DATA FOR REVIEW ::

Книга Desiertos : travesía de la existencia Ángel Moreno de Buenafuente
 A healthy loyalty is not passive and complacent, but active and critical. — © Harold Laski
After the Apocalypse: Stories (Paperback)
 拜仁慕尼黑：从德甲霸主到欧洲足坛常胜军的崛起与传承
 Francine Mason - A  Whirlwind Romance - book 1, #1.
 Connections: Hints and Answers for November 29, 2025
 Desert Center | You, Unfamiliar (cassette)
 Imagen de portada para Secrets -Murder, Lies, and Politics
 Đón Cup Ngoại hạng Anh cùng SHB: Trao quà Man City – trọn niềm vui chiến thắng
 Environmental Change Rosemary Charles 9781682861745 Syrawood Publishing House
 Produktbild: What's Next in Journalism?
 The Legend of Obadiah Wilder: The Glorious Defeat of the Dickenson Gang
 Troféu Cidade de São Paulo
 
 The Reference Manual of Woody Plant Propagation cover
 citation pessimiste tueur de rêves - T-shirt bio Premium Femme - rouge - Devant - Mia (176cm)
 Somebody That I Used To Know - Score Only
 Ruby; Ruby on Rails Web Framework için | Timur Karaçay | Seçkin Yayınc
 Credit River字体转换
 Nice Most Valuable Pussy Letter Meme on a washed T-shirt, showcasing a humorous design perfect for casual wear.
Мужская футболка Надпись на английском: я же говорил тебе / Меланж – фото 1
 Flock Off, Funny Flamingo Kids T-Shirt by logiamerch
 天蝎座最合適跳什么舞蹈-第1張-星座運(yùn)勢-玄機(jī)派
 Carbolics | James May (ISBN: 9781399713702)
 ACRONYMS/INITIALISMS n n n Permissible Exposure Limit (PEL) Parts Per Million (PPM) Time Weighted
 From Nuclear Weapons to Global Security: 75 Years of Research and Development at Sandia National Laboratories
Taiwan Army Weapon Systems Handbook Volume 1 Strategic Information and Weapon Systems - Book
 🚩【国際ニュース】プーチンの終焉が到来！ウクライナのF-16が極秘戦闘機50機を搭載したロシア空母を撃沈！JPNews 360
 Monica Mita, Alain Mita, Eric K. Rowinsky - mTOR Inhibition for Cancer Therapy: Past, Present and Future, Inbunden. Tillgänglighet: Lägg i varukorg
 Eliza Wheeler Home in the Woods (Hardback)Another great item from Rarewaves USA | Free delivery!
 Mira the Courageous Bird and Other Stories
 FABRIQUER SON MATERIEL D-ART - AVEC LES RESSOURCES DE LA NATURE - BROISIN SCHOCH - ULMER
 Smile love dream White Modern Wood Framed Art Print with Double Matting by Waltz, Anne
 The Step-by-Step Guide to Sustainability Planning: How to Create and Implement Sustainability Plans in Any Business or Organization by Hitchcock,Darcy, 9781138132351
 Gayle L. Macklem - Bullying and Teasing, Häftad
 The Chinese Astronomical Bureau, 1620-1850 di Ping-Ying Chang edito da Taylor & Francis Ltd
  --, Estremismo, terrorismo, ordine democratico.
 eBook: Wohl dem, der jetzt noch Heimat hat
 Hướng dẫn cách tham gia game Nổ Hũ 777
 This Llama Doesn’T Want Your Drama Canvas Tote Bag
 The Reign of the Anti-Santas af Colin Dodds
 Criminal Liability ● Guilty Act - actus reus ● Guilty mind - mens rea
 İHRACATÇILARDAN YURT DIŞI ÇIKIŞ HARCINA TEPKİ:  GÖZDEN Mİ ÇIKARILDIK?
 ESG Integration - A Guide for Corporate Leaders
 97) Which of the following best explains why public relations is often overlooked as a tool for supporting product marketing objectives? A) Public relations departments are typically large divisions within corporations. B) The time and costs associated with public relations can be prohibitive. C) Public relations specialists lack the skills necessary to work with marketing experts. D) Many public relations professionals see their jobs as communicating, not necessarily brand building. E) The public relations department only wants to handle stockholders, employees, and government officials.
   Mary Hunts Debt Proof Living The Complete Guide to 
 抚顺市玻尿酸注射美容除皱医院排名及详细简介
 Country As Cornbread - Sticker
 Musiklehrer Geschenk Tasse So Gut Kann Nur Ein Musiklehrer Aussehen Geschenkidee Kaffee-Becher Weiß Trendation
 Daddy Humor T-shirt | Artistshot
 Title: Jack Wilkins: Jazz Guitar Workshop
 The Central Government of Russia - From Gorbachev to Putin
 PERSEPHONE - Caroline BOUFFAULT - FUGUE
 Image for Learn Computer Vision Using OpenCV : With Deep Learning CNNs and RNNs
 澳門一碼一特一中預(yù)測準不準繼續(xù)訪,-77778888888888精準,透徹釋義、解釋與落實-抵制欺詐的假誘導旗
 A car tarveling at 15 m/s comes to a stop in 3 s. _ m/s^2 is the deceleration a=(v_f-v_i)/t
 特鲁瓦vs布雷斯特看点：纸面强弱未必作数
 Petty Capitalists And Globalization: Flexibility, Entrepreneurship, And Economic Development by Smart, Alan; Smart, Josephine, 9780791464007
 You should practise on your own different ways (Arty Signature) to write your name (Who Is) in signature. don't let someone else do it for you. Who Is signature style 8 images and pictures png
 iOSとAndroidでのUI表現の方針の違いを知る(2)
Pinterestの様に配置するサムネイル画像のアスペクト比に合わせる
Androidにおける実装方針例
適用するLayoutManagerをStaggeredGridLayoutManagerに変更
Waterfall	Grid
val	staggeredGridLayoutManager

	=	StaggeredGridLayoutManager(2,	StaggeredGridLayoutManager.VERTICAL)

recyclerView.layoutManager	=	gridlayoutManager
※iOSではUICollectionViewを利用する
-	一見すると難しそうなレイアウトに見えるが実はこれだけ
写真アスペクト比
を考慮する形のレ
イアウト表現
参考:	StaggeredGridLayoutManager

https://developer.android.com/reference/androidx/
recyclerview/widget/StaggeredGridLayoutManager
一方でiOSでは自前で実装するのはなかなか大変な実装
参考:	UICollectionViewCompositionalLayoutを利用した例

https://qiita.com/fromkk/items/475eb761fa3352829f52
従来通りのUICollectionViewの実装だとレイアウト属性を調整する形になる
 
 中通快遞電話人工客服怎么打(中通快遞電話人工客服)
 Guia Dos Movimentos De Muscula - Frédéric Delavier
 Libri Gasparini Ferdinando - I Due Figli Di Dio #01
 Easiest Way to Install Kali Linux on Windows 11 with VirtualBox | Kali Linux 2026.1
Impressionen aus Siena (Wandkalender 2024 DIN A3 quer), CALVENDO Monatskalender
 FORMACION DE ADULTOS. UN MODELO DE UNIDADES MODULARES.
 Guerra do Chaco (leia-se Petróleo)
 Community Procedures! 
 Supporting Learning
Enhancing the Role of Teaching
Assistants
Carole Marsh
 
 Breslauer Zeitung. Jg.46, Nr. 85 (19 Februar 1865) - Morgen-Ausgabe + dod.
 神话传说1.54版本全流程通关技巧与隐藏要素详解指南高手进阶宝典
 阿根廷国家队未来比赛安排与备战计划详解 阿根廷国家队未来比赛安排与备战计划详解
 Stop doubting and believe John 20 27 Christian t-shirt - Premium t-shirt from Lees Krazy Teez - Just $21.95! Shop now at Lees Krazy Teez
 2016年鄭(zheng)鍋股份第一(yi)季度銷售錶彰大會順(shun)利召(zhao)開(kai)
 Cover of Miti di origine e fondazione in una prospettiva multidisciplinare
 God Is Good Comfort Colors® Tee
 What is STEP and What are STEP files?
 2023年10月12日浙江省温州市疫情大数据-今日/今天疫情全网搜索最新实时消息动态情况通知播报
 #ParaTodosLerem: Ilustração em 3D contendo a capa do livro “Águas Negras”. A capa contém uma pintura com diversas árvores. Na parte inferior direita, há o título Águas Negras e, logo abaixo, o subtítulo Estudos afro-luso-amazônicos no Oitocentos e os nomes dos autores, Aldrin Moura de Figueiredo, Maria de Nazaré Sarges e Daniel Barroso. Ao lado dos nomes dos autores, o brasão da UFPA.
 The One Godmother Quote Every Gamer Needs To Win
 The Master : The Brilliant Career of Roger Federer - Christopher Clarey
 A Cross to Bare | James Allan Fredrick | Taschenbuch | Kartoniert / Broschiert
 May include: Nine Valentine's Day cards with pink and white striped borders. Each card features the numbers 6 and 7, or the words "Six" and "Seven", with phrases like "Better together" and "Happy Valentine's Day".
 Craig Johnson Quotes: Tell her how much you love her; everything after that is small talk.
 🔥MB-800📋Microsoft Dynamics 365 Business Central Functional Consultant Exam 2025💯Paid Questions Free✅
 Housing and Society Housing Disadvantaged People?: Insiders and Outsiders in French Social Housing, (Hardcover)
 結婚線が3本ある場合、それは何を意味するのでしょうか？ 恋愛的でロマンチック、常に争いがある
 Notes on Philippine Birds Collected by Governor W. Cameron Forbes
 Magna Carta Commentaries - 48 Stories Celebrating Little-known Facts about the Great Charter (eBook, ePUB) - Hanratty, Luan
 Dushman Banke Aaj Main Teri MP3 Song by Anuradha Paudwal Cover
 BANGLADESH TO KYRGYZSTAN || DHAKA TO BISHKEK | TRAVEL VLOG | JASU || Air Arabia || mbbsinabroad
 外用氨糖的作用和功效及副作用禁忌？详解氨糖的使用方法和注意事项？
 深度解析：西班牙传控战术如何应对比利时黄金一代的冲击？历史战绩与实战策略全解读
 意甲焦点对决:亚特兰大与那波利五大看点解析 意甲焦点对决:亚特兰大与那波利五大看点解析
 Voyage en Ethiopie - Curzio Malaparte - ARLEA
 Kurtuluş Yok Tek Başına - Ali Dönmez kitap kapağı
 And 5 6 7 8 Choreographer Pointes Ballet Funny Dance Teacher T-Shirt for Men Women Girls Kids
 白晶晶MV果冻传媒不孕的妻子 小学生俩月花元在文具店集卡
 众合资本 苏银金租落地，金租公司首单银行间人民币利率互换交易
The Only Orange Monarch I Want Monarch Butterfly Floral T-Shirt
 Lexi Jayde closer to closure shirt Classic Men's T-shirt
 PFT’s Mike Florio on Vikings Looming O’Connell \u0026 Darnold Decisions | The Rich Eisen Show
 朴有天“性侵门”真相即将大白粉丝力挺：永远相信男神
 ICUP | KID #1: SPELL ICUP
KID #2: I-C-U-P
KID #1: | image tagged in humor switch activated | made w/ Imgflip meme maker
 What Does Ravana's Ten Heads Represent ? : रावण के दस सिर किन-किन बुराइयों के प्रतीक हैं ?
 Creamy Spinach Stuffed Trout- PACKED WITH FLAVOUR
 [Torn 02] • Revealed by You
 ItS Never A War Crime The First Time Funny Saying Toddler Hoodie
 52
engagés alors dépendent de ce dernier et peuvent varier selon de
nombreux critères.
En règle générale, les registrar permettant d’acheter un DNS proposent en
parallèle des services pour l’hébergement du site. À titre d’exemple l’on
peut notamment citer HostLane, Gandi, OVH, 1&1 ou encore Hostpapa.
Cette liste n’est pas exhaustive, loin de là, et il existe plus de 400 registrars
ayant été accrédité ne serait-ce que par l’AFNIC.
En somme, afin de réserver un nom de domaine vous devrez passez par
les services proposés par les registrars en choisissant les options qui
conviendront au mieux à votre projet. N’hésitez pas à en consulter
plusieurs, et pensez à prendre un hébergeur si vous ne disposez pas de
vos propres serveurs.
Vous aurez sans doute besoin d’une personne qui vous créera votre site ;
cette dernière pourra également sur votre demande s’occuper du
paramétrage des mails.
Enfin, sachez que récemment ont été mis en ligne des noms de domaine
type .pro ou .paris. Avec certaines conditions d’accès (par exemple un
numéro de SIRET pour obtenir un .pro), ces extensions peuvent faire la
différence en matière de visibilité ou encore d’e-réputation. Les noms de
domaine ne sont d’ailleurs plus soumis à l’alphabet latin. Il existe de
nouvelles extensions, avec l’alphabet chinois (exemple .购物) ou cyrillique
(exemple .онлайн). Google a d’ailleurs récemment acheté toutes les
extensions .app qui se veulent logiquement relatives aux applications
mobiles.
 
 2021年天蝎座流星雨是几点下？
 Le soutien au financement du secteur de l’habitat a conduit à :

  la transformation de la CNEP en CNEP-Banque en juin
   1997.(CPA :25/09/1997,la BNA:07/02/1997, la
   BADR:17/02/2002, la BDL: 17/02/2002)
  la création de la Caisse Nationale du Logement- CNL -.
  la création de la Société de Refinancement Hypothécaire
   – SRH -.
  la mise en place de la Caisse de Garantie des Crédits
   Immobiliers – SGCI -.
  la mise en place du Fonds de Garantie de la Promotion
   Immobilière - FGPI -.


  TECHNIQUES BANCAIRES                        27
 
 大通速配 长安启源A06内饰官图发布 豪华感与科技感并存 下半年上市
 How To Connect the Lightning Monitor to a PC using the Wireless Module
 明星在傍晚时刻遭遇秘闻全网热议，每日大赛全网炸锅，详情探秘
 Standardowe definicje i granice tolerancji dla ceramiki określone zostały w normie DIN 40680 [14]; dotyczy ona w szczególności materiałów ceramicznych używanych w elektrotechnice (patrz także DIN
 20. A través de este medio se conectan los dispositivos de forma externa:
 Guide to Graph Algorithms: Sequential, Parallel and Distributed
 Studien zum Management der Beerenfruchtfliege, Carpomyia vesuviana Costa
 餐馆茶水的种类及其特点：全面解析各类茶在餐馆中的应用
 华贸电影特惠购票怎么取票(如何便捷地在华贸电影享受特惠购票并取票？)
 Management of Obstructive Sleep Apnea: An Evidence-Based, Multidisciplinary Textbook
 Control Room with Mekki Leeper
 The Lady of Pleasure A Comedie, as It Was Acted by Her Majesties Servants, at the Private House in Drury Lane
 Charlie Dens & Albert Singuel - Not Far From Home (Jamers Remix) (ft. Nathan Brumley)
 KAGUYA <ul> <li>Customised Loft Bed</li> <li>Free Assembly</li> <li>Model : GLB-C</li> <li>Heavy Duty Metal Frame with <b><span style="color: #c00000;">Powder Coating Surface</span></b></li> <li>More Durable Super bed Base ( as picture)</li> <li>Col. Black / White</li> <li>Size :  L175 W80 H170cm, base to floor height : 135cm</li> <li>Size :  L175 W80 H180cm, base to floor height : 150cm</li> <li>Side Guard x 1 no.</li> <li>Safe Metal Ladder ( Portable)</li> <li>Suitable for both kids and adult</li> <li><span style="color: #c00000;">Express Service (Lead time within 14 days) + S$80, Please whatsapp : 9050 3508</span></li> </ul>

WHAT TO DO :: Copy, exactly and only, the lines above that begin with the one containing "Somebody That I Used To Know - Score Only" and finish with the one containing "Nice Most Valuable".

RESPONSE BOX ::
 Somebody That I Used To Know - Score Only
 Ruby; Ruby on Rails Web Framework için | Timur Karaçay | Seçkin Yayınc
 Credit River字体转换
 Nice Most Valuable Pussy Letter Meme on a washed T-shirt, showcasing a humorous design perfect for casual wear.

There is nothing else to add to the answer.